• [EXCERPTED DATA]
• • • • • • •
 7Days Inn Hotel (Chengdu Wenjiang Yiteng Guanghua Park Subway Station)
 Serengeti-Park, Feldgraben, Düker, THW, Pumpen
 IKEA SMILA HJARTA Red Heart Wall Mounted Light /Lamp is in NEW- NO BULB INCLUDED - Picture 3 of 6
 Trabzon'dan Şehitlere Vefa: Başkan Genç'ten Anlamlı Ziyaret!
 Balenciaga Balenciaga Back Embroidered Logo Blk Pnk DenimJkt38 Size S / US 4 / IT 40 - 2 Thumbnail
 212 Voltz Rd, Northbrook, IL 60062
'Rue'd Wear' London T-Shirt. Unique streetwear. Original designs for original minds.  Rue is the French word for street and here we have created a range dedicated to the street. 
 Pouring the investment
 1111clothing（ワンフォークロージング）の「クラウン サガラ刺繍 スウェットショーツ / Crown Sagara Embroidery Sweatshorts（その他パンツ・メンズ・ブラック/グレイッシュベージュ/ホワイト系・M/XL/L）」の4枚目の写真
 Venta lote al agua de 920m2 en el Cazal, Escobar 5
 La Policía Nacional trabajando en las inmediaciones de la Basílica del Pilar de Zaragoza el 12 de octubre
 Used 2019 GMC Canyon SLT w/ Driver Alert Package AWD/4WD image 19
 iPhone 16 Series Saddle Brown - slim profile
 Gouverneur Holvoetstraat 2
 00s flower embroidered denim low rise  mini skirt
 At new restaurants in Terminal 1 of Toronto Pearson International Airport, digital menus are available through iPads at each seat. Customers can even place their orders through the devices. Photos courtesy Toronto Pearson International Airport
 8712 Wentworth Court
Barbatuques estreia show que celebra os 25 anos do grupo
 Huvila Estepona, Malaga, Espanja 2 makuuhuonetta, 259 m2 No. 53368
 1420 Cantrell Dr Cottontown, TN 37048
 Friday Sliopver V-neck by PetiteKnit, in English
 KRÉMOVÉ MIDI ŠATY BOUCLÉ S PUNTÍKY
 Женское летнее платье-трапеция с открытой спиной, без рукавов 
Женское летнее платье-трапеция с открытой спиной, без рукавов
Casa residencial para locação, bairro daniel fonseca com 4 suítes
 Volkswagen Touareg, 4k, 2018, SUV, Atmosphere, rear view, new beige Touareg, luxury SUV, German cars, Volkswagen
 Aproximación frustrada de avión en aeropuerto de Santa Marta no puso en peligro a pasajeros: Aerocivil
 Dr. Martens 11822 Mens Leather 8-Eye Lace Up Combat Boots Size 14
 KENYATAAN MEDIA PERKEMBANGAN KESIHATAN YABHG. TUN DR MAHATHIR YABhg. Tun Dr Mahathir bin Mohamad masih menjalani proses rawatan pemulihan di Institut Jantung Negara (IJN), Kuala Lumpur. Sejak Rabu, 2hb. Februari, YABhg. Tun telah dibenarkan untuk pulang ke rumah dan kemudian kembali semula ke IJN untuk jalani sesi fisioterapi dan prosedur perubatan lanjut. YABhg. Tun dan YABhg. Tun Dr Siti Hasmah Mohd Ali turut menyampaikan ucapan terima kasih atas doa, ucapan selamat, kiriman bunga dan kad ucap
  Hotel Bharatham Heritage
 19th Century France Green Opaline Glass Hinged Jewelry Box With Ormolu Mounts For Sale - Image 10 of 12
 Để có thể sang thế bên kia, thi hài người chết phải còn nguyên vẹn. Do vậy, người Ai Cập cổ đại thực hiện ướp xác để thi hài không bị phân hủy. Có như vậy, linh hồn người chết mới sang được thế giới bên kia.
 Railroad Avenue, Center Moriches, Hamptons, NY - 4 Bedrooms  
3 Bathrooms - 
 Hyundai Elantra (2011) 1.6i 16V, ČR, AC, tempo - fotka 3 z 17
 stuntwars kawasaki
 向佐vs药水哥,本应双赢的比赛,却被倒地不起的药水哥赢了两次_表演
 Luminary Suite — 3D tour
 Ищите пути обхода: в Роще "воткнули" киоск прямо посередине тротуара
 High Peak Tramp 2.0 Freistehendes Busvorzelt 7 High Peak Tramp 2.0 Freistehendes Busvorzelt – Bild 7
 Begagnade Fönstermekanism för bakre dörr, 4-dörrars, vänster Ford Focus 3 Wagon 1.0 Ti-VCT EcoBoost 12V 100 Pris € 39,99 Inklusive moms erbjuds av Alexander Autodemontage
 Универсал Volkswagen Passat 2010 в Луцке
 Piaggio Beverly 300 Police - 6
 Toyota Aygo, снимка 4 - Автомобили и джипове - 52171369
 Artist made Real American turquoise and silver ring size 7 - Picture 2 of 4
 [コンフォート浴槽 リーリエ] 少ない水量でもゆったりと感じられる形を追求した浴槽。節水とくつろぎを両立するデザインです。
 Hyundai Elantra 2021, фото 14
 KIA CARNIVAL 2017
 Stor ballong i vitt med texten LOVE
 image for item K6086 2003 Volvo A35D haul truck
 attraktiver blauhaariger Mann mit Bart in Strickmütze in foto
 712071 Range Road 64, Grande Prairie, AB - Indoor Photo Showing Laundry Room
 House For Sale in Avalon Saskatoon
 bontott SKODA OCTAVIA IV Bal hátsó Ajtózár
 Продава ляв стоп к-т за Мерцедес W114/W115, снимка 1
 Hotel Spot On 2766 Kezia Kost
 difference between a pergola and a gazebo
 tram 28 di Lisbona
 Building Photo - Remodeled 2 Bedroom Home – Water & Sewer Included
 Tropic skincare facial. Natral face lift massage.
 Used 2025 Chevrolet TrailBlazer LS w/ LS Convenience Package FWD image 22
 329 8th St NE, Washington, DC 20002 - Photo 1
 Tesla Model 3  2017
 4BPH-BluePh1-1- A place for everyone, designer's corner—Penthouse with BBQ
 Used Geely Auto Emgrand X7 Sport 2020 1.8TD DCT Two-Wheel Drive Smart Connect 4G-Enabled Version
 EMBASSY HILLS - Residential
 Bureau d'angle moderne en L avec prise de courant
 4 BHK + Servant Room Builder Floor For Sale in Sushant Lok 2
• • • • • • •
• [YOUR TASK] An exact copy of the lines from the one containing "Used Geely Auto" through the last line of the material, both included, is to be printed, and nothing else.

• [YOUR SOLUTION]
 Used Geely Auto Emgrand X7 Sport 2020 1.8TD DCT Two-Wheel Drive Smart Connect 4G-Enabled Version
 EMBASSY HILLS - Residential
 Bureau d'angle moderne en L avec prise de courant
 4 BHK + Servant Room Builder Floor For Sale in Sushant Lok 2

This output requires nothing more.